Segment Start: Exercise inputs
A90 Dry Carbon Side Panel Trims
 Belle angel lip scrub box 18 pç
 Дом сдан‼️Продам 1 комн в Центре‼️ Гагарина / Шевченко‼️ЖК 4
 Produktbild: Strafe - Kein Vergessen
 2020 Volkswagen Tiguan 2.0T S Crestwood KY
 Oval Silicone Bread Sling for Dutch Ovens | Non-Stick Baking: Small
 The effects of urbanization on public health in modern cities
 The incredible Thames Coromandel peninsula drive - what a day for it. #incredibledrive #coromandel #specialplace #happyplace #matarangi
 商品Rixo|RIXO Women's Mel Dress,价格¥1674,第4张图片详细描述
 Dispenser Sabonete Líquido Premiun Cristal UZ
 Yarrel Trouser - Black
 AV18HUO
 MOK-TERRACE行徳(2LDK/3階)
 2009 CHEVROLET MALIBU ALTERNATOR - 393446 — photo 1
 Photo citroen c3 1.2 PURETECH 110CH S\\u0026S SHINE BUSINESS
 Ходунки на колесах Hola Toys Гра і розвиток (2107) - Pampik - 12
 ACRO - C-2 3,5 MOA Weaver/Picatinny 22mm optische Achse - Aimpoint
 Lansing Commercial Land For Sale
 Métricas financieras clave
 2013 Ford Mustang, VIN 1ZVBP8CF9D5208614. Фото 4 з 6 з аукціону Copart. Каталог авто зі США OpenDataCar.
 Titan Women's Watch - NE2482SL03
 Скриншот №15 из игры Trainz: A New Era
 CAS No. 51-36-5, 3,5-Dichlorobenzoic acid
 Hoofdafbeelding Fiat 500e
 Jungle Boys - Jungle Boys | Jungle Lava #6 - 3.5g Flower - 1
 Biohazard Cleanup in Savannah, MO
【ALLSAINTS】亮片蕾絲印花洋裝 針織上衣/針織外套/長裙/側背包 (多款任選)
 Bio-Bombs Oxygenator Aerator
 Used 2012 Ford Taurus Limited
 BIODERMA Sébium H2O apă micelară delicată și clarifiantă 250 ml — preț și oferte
Segment End: Exercise inputs
▶ _What to produce_: Beginning at the first line of the records, give again each line exactly as written, ending with the line that contains "The effects of".

▶ _Exercise solution_:
A90 Dry Carbon Side Panel Trims
 Belle angel lip scrub box 18 pç
 Дом сдан‼️Продам 1 комн в Центре‼️ Гагарина / Шевченко‼️ЖК 4
 Produktbild: Strafe - Kein Vergessen
 2020 Volkswagen Tiguan 2.0T S Crestwood KY
 Oval Silicone Bread Sling for Dutch Ovens | Non-Stick Baking: Small
 The effects of urbanization on public health in modern cities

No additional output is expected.